I hope that the discussion on this issue leads to a feasible and general solution, similar to how the parallelization was refined through discussions. It‘s important for the future of MDAnalysis.
I don’t have a fully fleshed-out solution yet, but I wonder if it might be possible to implement a “block” analysis approach so it could be processed in chunks of a fixed number of frames, and then the results from each block could be concatenated during
_stream_runat the end.
This is a really clever idea IMO, if the trajectory could be processed in blocks guaranteeing that size == blocksize or size == mod(full_len, blocksize) for the end of the stream , then each can call a full AnalysisBase run and then concatenate the resulting results objects. Is this what you were thinking @yuxuanzhuang? It is similar to the way we approached parallelisation IIRC.
I haven't had time to think this through fully yet, but one initial comment / thought based on @yuxuanzhuang's comment "Instead of modifying AnalysisBase to be streamable, would it be feasible to make IMDReader “AnalysisBase-compatible”?"

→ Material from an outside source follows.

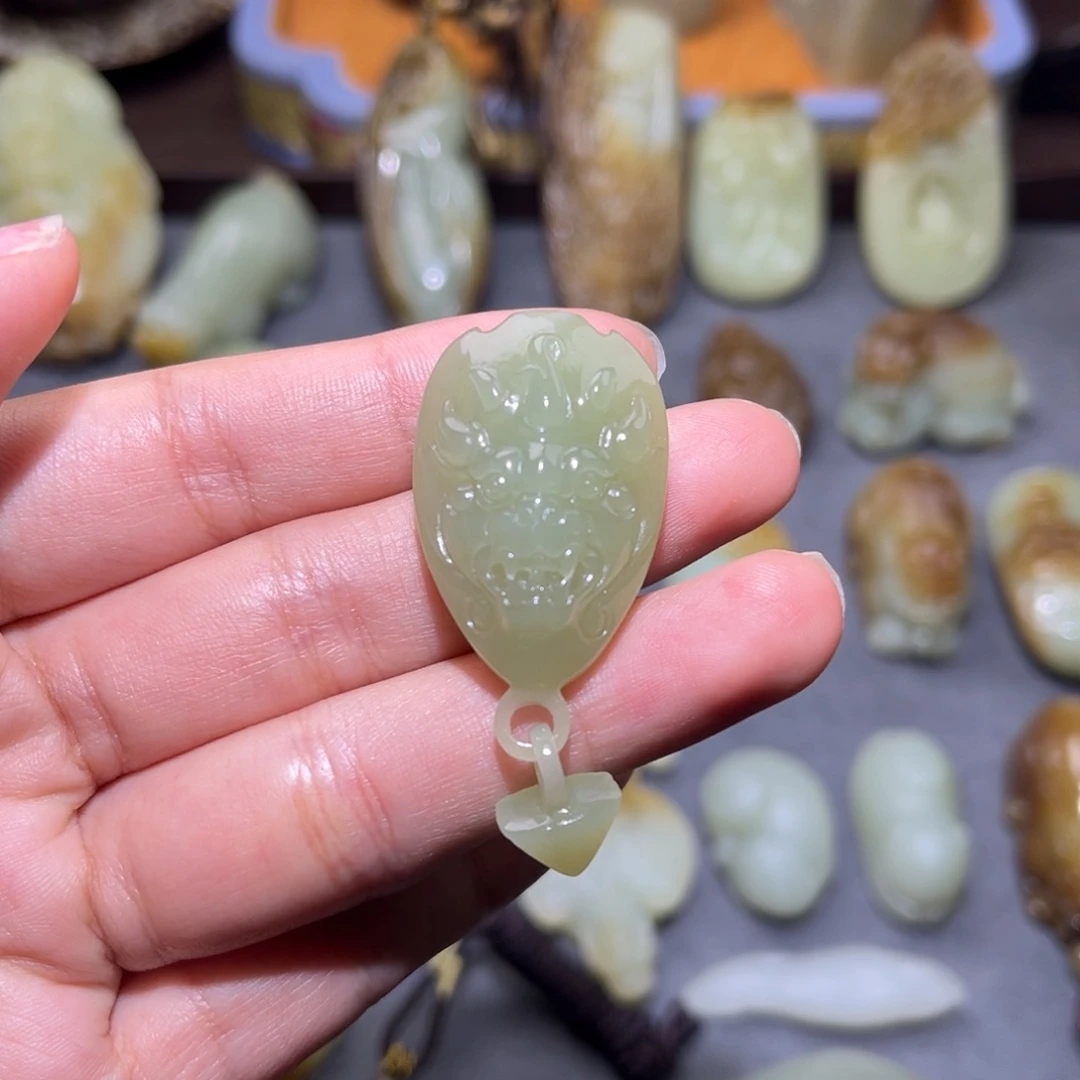 和田玉（黄玉）未镶嵌挂件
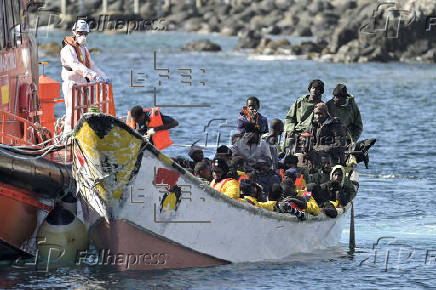 Tres cayucos llegan el Da de Navidad a Canarias con 184 migrantes y localizan otros dos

I'm not sure if it's in the same spirit, but I am concerned that we are following the path of "let's keep on adding things to AnalysisBase because we can".
It sounds to me like enabling analyses on streams is going to need a lot of analysis-specific work. Is this a fair assessment? If so, is it maybe worth consider if we need either a mixin or a separate subclass to make analyses stream compatible? (rather than adding more to the one base class)
This is a really clever idea IMO, if the trajectory could be processed in blocks guaranteeing that
size == blocksizeorsize == mod(full_len, blocksize)for the end of the stream , then each can call a full AnalysisBase run and then concatenate the resulting results objects. Is this what you were thinking @yuxuanzhuang? It is similar to the way we approached parallelisation IIRC.
Yes, exactly. With such, I think the existing _get_aggregator for parallel analysis should just be the right tool for concatenation so no extra function will be needed for that.